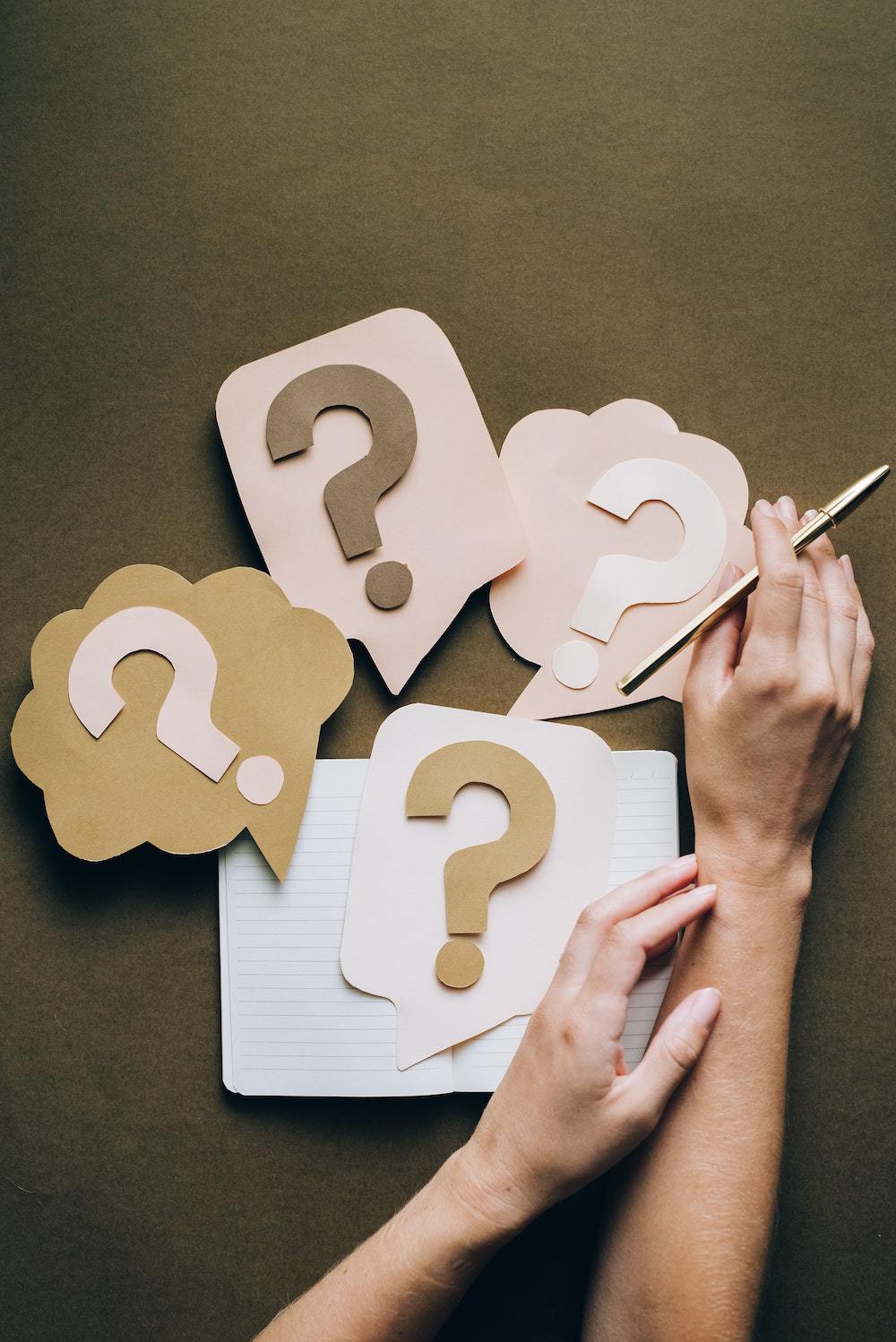 paper question marks in paper speech bubbles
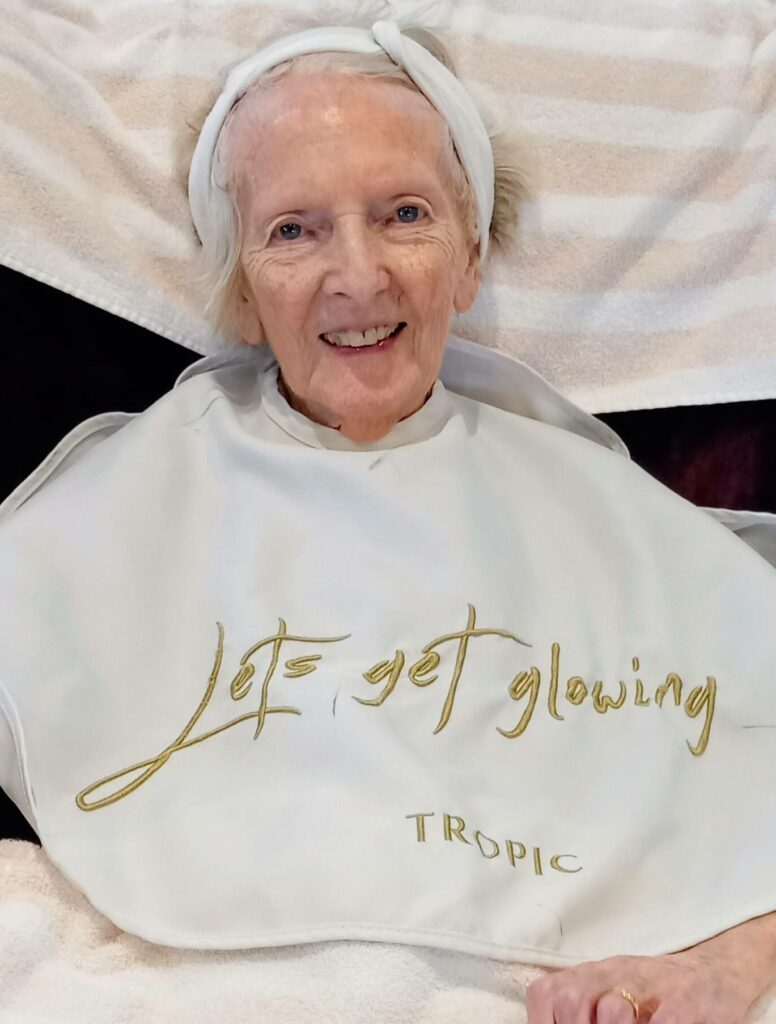 An elderly woman from Lear House smiles serenely, wearing a headband and a white cape emblazoned with "Let's Get Glowing TROPIC", seated against a backdrop of towels.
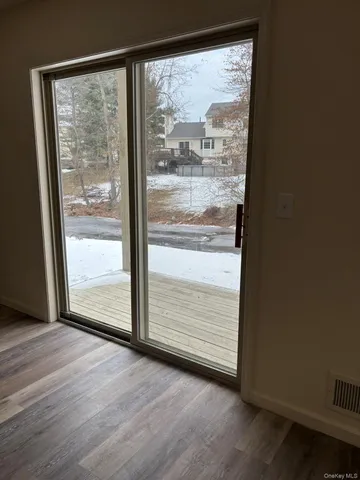 a view of a glass door with wooden floor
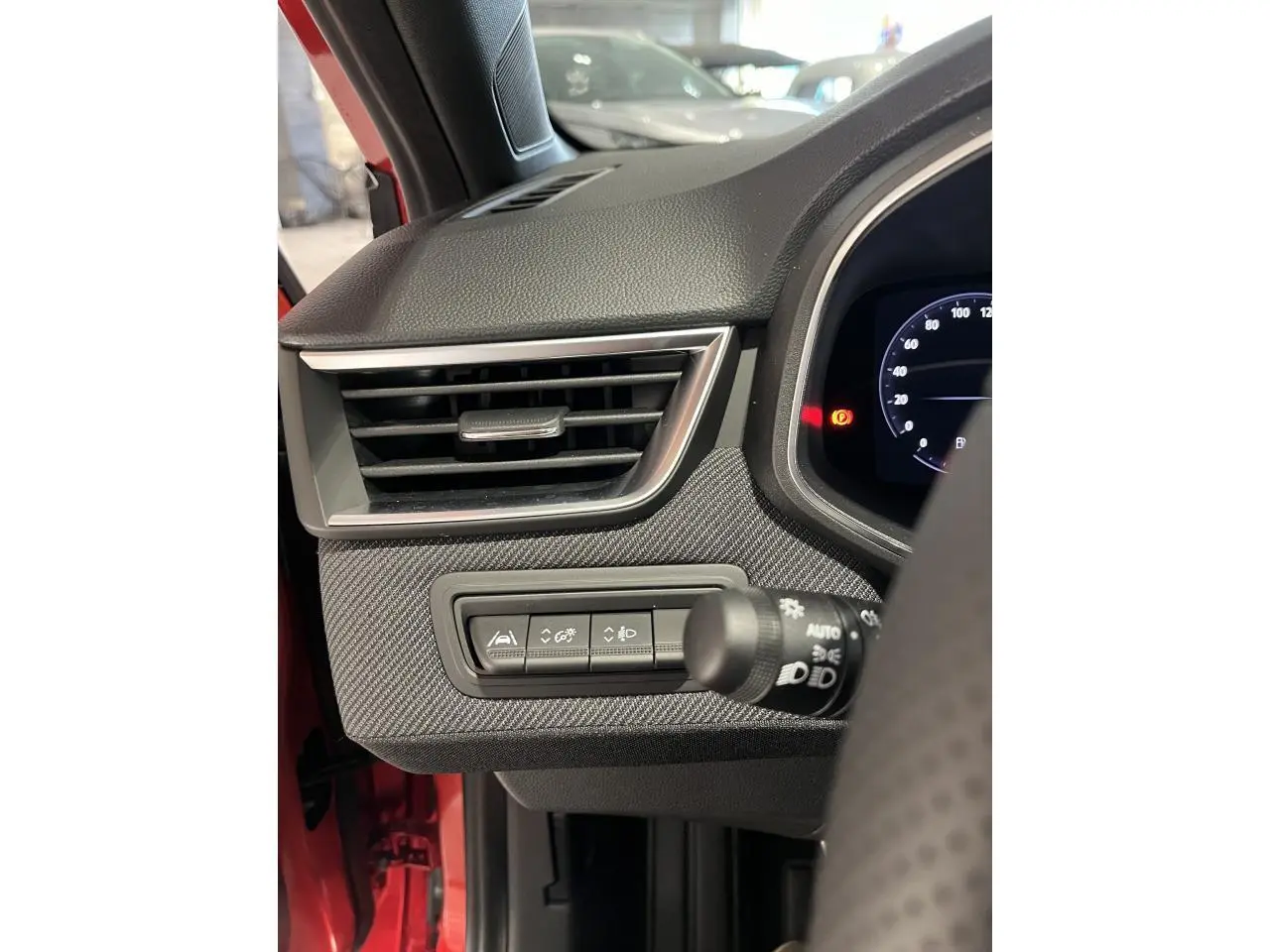 Détail de la console gauche avec aérateur chromé et commandes d'assistance sur Renault Clio rouge 2024 Esprit Alpine.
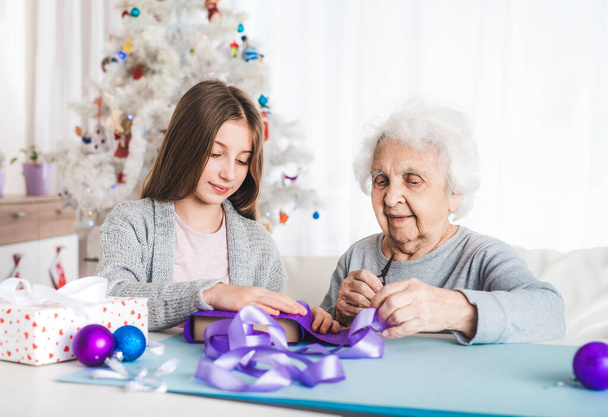 Grandmother with granddaughter decorating gifts - Photo, Image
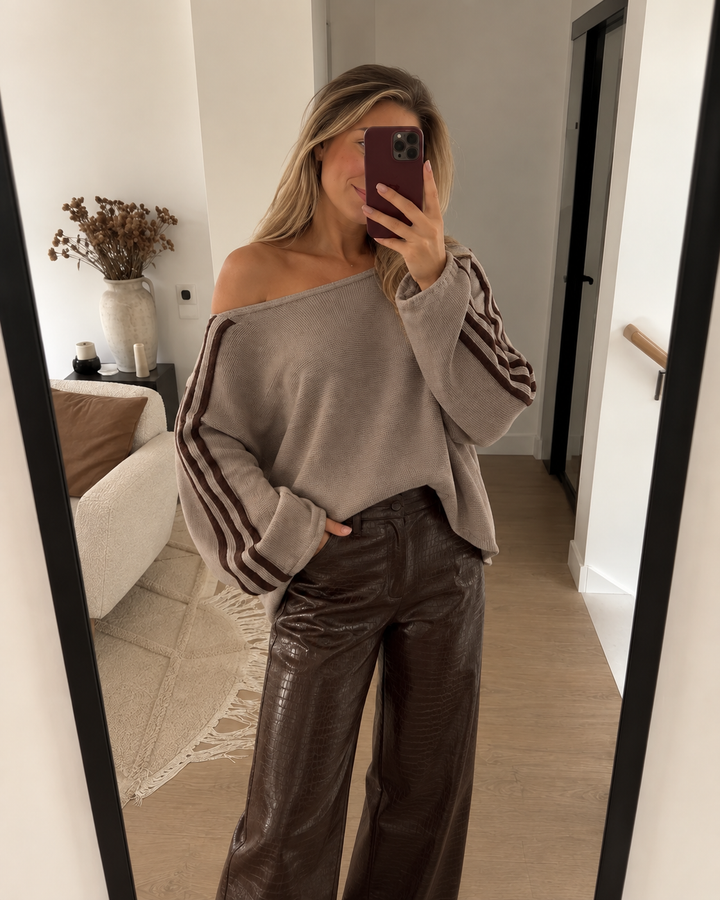Taupe oversized sweater worn with brown leather pants in a mirror selfie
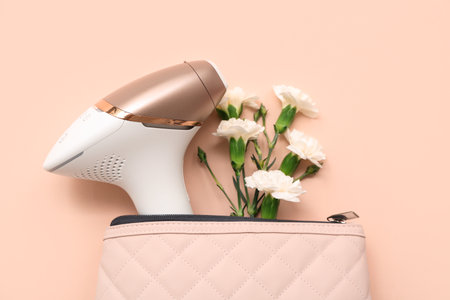 Cosmetic bag with modern photoepilator and carnation flowers on color background, closeupの写真素材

————

Your assignment: Pictures aside, reproduce exactly the lines from the one containing "Détail de la" to the end of the listing above, both ends included.

Result of the exercise:
 Détail de la console gauche avec aérateur chromé et commandes d'assistance sur Renault Clio rouge 2024 Esprit Alpine.
 Grandmother with granddaughter decorating gifts - Photo, Image
Taupe oversized sweater worn with brown leather pants in a mirror selfie
 Cosmetic bag with modern photoepilator and carnation flowers on color background, closeupの写真素材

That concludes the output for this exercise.